EXERCISE BRIEF: Please print the full listing below exactly, but not the pictures in it.

SUPPLIED RECORDS:
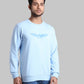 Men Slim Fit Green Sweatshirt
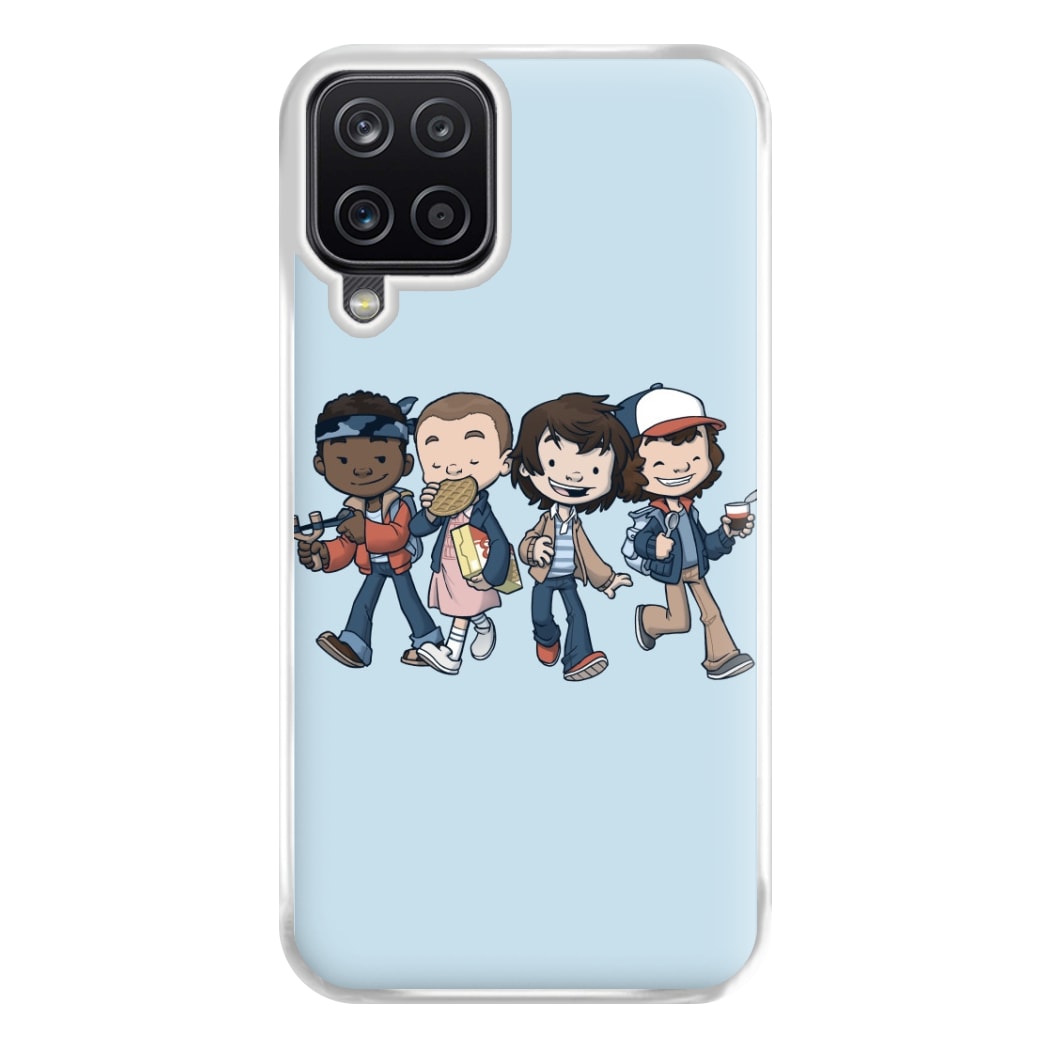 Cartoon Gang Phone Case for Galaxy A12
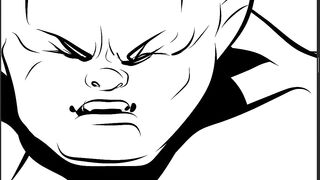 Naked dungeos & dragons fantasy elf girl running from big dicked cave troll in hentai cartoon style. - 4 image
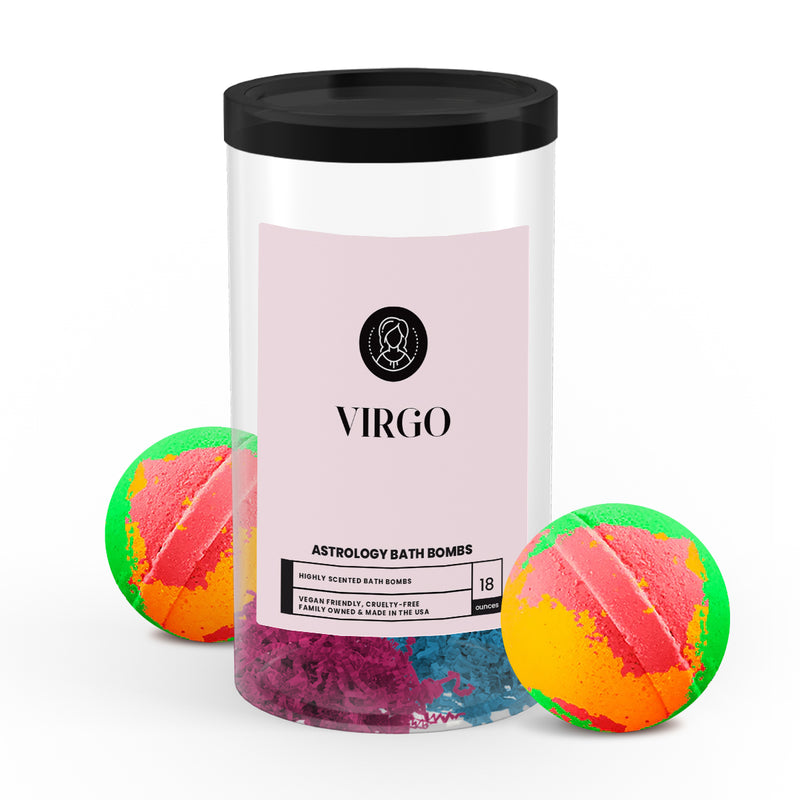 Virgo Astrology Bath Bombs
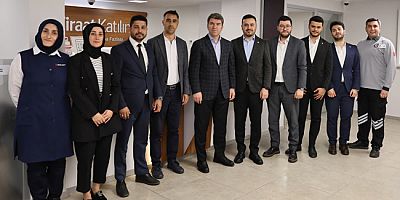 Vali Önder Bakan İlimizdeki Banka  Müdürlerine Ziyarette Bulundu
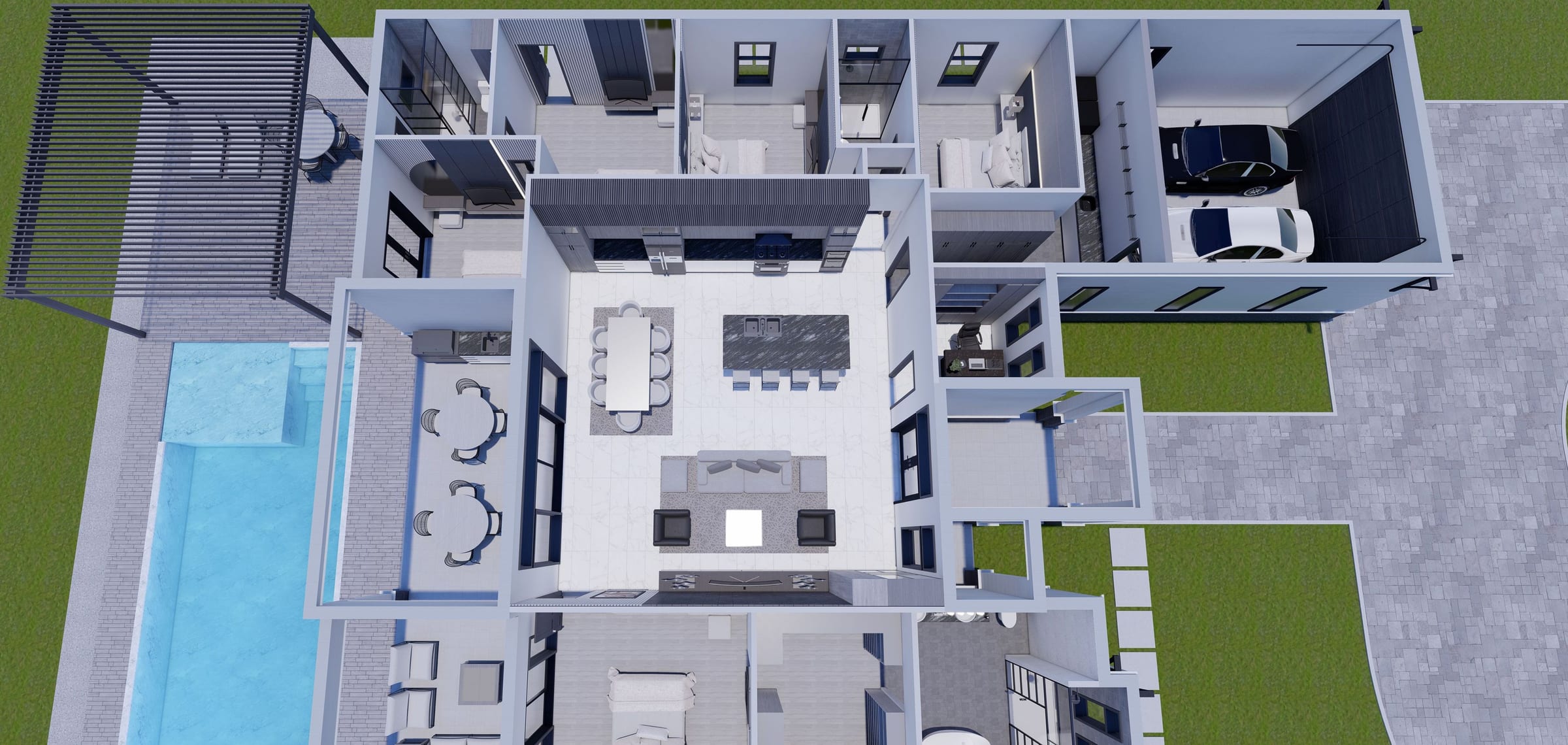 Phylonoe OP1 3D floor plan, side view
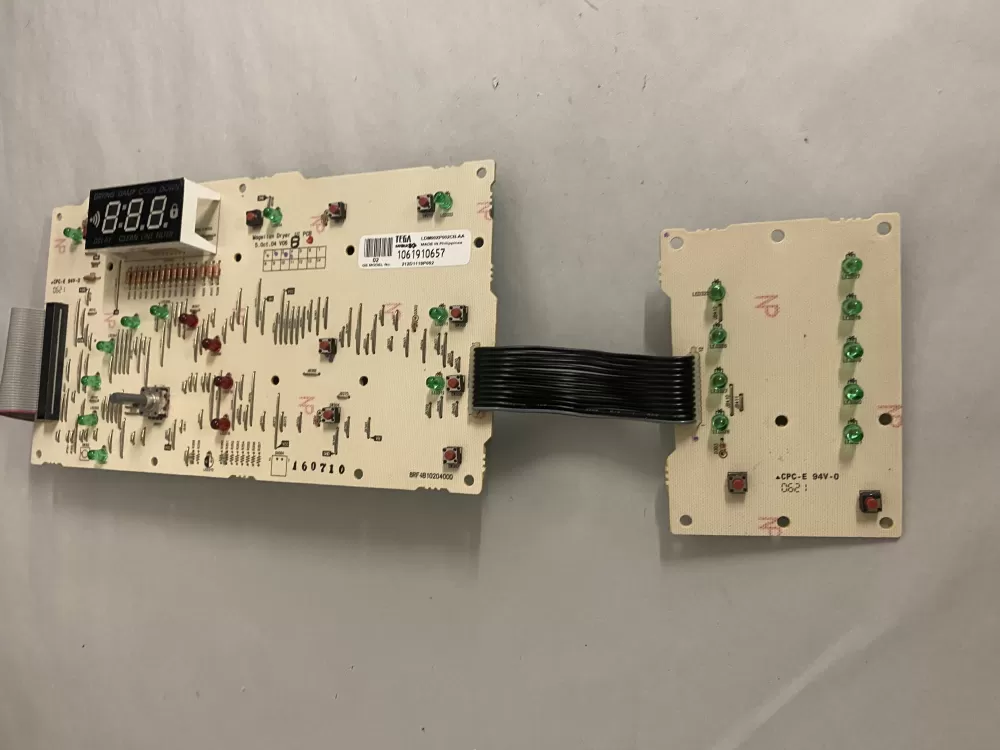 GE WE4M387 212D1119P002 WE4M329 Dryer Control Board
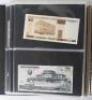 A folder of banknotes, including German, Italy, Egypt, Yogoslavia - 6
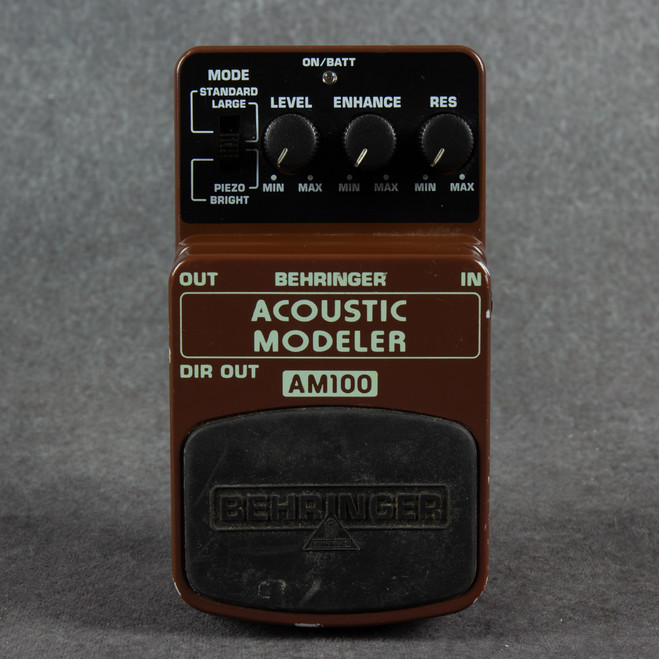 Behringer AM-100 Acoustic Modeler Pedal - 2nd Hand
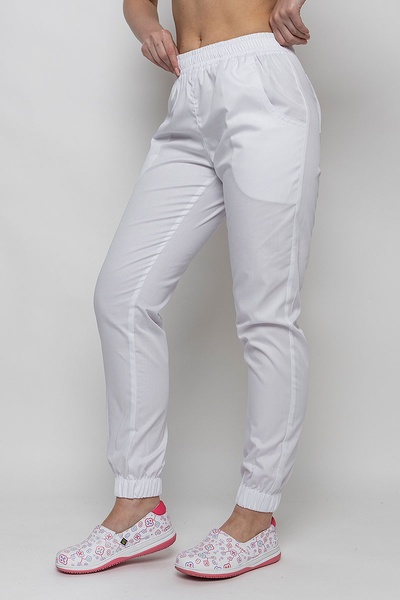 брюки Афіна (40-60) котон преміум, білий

RESULT FOR THIS EXERCISE:
 Men Slim Fit Green Sweatshirt
 Cartoon Gang Phone Case for Galaxy A12
 Naked dungeos & dragons fantasy elf girl running from big dicked cave troll in hentai cartoon style. - 4 image
 Virgo Astrology Bath Bombs
 Vali Önder Bakan İlimizdeki Banka  Müdürlerine Ziyarette Bulundu
 Phylonoe OP1 3D floor plan, side view
 GE WE4M387 212D1119P002 WE4M329 Dryer Control Board
 A folder of banknotes, including German, Italy, Egypt, Yogoslavia - 6
 Behringer AM-100 Acoustic Modeler Pedal - 2nd Hand
 брюки Афіна (40-60) котон преміум, білий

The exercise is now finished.